[Short descriptive text snippets]
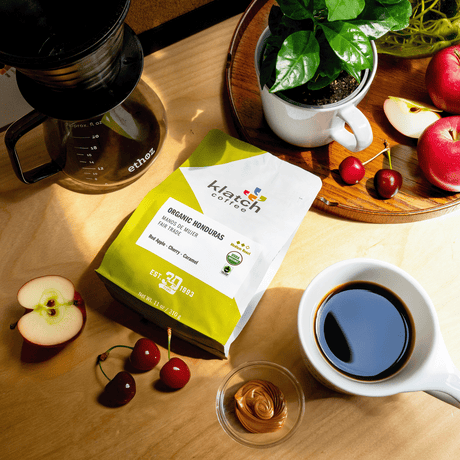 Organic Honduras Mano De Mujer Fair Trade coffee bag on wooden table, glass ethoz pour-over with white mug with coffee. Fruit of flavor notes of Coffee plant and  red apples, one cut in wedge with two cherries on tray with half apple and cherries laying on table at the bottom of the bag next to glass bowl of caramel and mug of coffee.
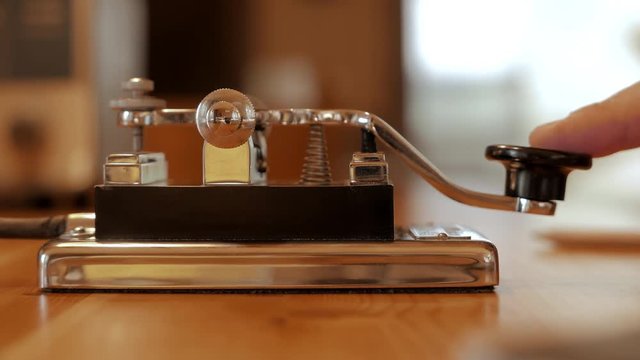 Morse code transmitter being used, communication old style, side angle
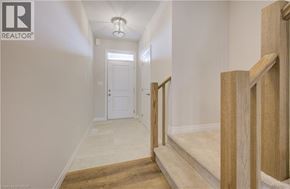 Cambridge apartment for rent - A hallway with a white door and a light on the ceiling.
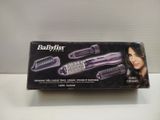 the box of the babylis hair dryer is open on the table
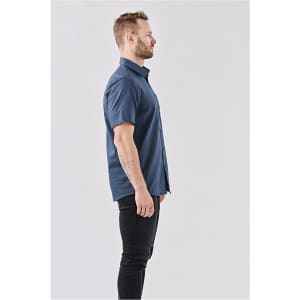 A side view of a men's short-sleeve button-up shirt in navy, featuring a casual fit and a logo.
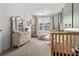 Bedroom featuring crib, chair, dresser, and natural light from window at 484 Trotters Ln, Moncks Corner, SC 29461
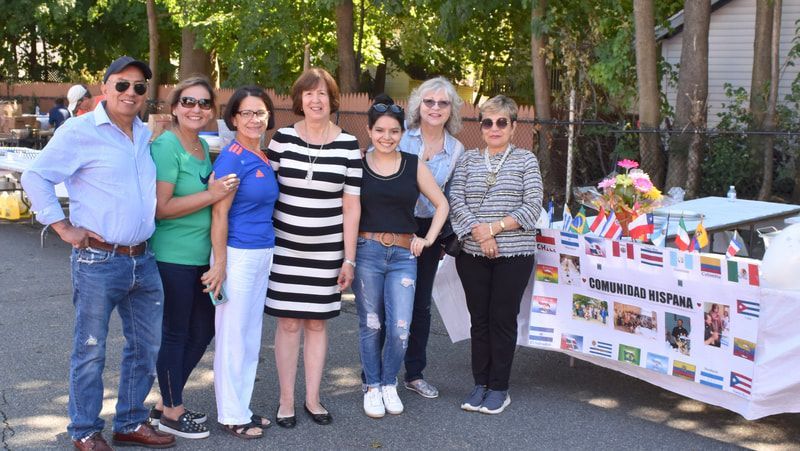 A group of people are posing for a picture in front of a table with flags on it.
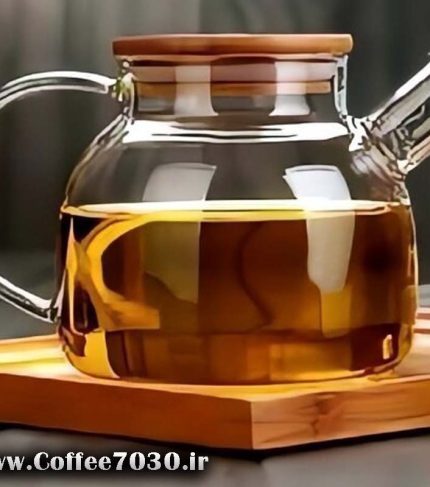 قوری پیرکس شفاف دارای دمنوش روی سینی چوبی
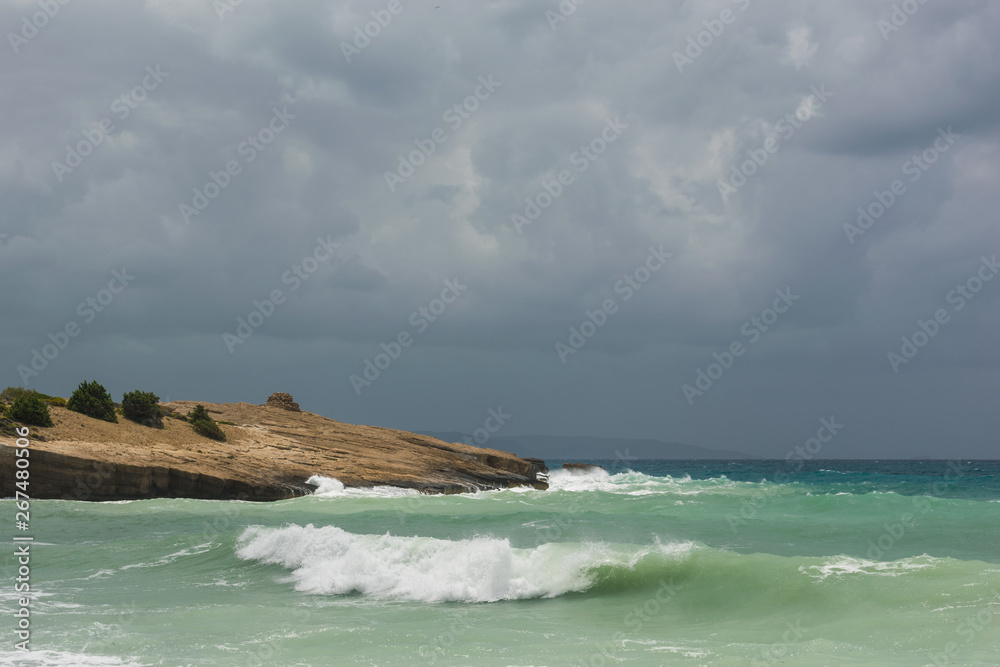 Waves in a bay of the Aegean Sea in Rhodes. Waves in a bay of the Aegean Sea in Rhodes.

| Exercise brief |
Write out each entry exactly; any pictures stay out of the copy.

| Task solution |
 Organic Honduras Mano De Mujer Fair Trade coffee bag on wooden table, glass ethoz pour-over with white mug with coffee. Fruit of flavor notes of Coffee plant and  red apples, one cut in wedge with two cherries on tray with half apple and cherries laying on table at the bottom of the bag next to glass bowl of caramel and mug of coffee.
 Morse code transmitter being used, communication old style, side angle
 Cambridge apartment for rent - A hallway with a white door and a light on the ceiling.
 the box of the babylis hair dryer is open on the table
 A side view of a men's short-sleeve button-up shirt in navy, featuring a casual fit and a logo.
 Bedroom featuring crib, chair, dresser, and natural light from window at 484 Trotters Ln, Moncks Corner, SC 29461
 A group of people are posing for a picture in front of a table with flags on it.
 قوری پیرکس شفاف دارای دمنوش روی سینی چوبی
 Waves in a bay of the Aegean Sea in Rhodes. Waves in a bay of the Aegean Sea in Rhodes.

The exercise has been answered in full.